Politics
The conservative PP would win the Spanish legislatives if now rate
According to a survey
USPA NEWS -
If the Spanish legislative elections were held now, the conservative Popular Party of Prime Minister, Mariano Rajoy, would win the elections with four points ahead of the Socialist Party. The centrist Citizens would be placed as the third national political force.
According to the October barometer of the Center for Sociological Research (CIS in its Spanish acronym), if legislative elections were held now, the conservative Popular Party would win the election with 29.1% in voting intentions. As the second political force would Socialist Party, nearly four points of the conservatives, and would reach 25.3% of the vote. The Popular Party would win 0.9 points from the previous Barometer, published in July, while the Socialists would win 0.4 points.

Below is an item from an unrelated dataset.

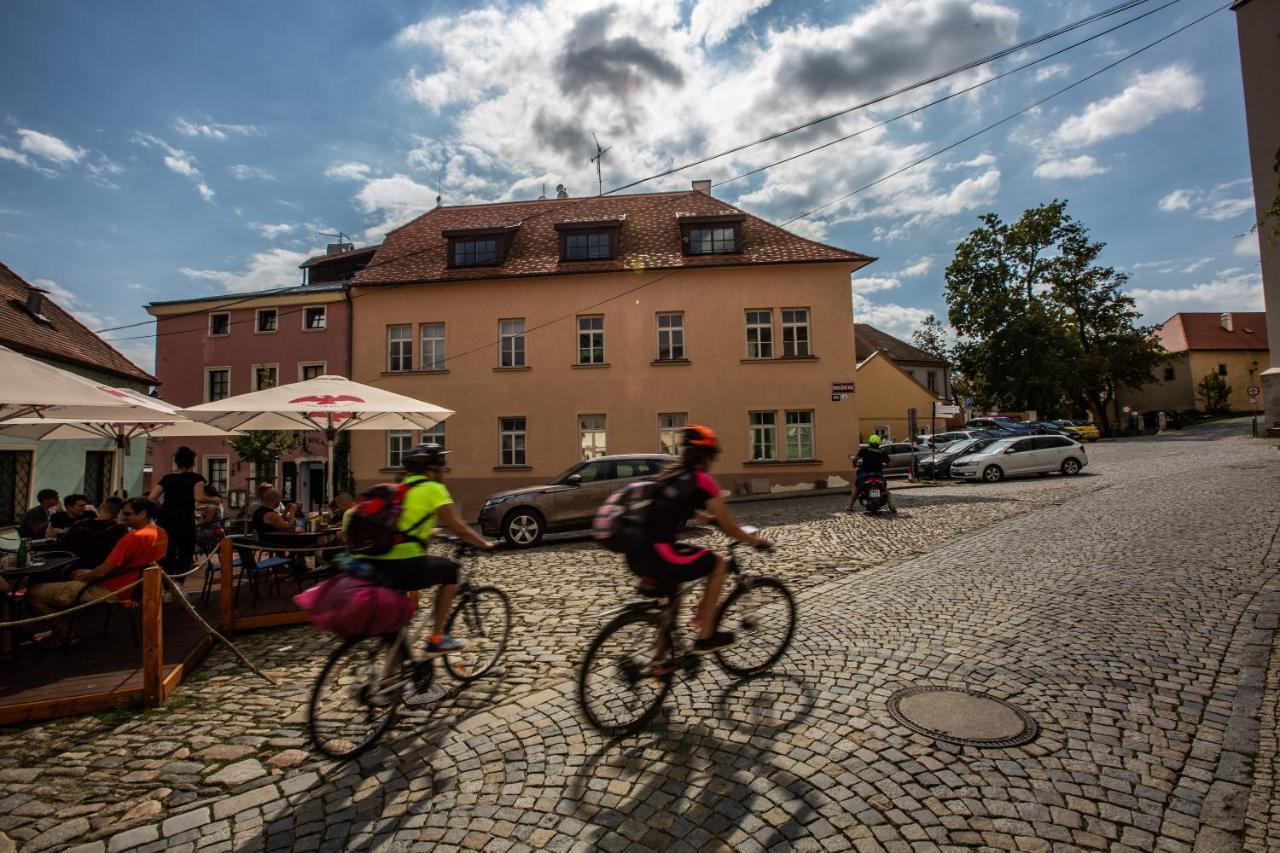 Apartmany Na Mikulasskem Namesti 兹诺伊莫 外观 照片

The situation of these two parties do not change in relation to the legislative elections of 2011. However, in the third stage parliamentary significant changes would be recorded. The centrist Citizens ranks as the third political force with 14.7% of the vote, a 3.6% increase in local and regional elections in May, if the results are extrapolate to the national level. The populist Podemos, in these local and regional elections was the surprise being elevated in the third political force, would fall to fourth place with 10.8% of support, nearly five points less than in May elections.

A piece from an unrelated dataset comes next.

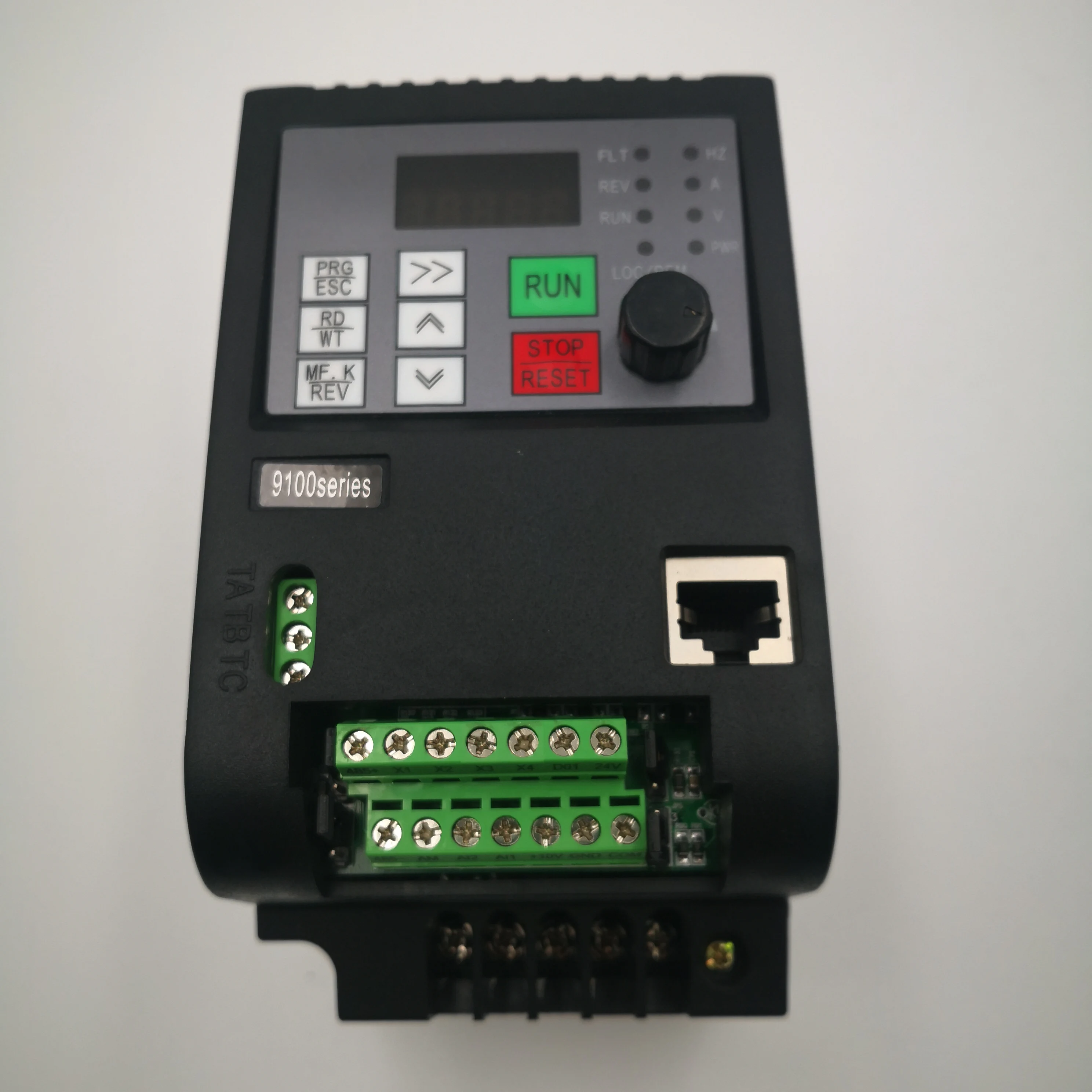 4KW VFD Solar Inverter 5.5HP Output 220V Water Pump Driver Speed Control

In Catalonia, current political spotlight by the independence debate at its regional Parliament, the party of the current president, Artur Mas -Democratic Convergence of Catalonia, CDC in its acronym in Spanish-, would lose 0.4% of supports to be in alone and get 2.9% of votes. His former partner in Government, the Democratic Union of Catalonia -UDC its acronym in Spanish-, just get 0.1% of the vote. Between the two would be 0.3 percentage points lower than that obtained in 2011.
Who does increase their expectations to vote is the Republican Left of Catalonia (ERC its acronym in Catalan): would get 2.2% of support if the Spanish legislative elections were held now. And the center-right party Union, Progress and Democracy (UPyD in its Spanish acronym), which in previous electoral elections emerged as the third political force, would drop to ninth to get 1.2% of support.